To have the most impact, reinforcers should come immediately after your child performs the desired skill. In the best-case scenario, you’ll have the reinforcer on hand and reward it within three seconds.

Waiting too long could result in delayed reinforcement.

Let’s say that you didn’t have access to an edible treat when going over colors. When they successfully identify the color red, you get up to find some more goodies. 

However, by the time you find the reinforcer, your child is already focusing on another color! Providing that reward now would only confuse them and reinforce some unrelated skill. 

4. Find the Right Type of Reinforcements

Reinforcers can only motivate your child if it’s something they genuinely want. You could attempt to use arbitrary rewards, but the urge to earn them would be non-existent.

Reinforcement items must be rewards that your kid enjoys. There are several types of reinforcers to try. The most common are: 

  • Social reinforcements 
  • Activity reinforcements 
  • Edible reinforcements 
  • Sensory reinforcements 
  • Tangible reinforcements 


What works for one child might not work for the next. It’s all about understanding your kid’s preferences and choosing something that will provide inherent motivation. 

5. Avoid Satiation

In the world of ABA, satiation refers to how much of a reward the child gets. If you’re using the same reinforcer over and over again, it starts to lose its value.

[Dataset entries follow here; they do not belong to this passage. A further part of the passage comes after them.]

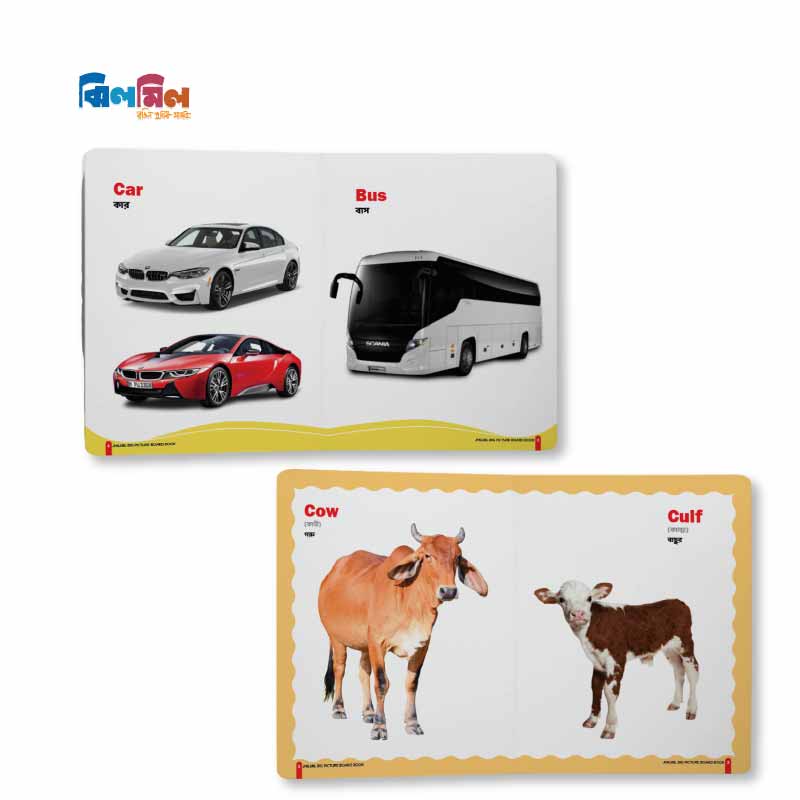 Big Picture Board Book 7 Level - 2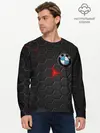 Мужской лонгслив базовый / Карбон и BMW (P007_P004ooo1696381, P004ooo1696381)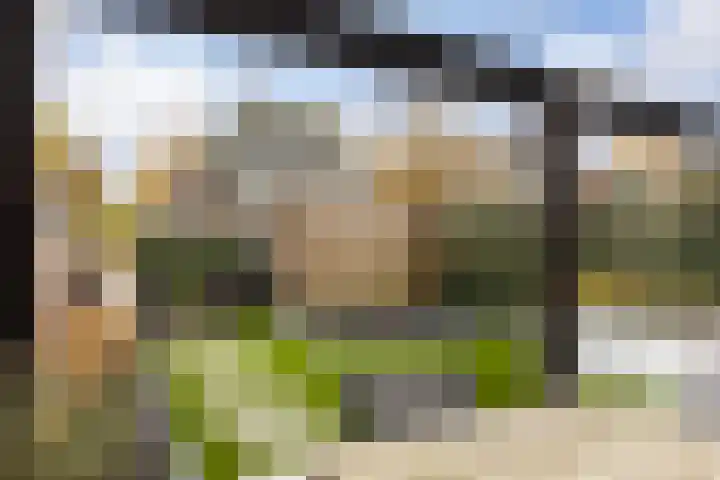 Boekelose Stoomblekerij 152 Enschede thumbnail 33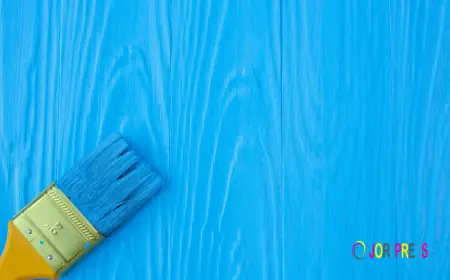 Why Washable Paint is the Smart Choice for Modern Homes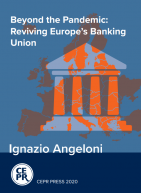 超越大流行:复兴欧洲银行业联盟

Candy is a common motivator for kids. But what if you attempt to use candy reinforcers after a huge meal? Suddenly, your child won’t work as hard for that reward because they don’t want it as much.

Satiation decreases motivation and reinforcement efficiency.

Fortunately, it’s pretty easy to avoid satiation. Offer as much variety as possible and have several rewards on hand. Keep tabs on your child’s preferences and shift to a new reinforcer as their needs change. 

6. Practice Reinforcement Deprivation

The key to success with reinforcement is deprivation!

When your child is deprived of an object, they’ll want it even more! One good technique is to reserve a specific reinforcer for teaching sessions. It could be a toy or their favorite candy.

Limit access to that reinforcer only to learning moments. After that, it becomes a high-motivation reward that they’ll want to earn.

7. Prevent Free Access

Free access is strongly connected to satiation and deprivation.

When your child has open access to a reinforcer, it loses its impact.

Let’s say that you use a snack as edible reinforcement. It’s a snack that you buy regularly and have around the home at all times. If they know they can eat that snack later on, why would a child work to earn it during a teaching session?

Reinforcers that your child has unrestricted access offer low motivation and high satiation. 

8. Pay Attention to Size and Magnitude

The size and magnitude of a reinforcer can influence motivation, too.

In ABA, these terms refer to how much of a reward a learner is getting. It’s vital to manage reinforcers and make them worthwhile. Too much of a good thing leads to high satiation and little motivation. However, not enough reinforcement can also lead to frustration.

It’s a delicate balancing act you have to manage continually. For example, if you were to provide an entire bag of candy every time your child got a question right, they would become satiated in minutes. It wouldn’t take but a few questions to decrease motivation because they’re already full!

The same applies to not enough candy. For example, say that you only let them nibble on a morsel of candy for each correct answer. Suddenly, the reward doesn’t match the work, so they become disappointed and unmotivated.  

9. Be Consistent

Our last tip is to be consistent! Learning new skills takes time and continued repetition. Failing to reinforce lessons can lead to confusion and a lack of motivation.

Your child expects those reinforcers and wants to reap the rewards of getting things right. However, when they come randomly, kids can become frustrated or resentful in your learning techniques.

Keep reinforcers on hand and use them consistently for the best results. 

Wrapping Up 

Using reinforcements can have a profound effect on how your child learns and develops. Implementing strategic rewards can mean the difference between continued motivation and frustration. Use these tips to apply reinforcers effectively and put your child on the path to success.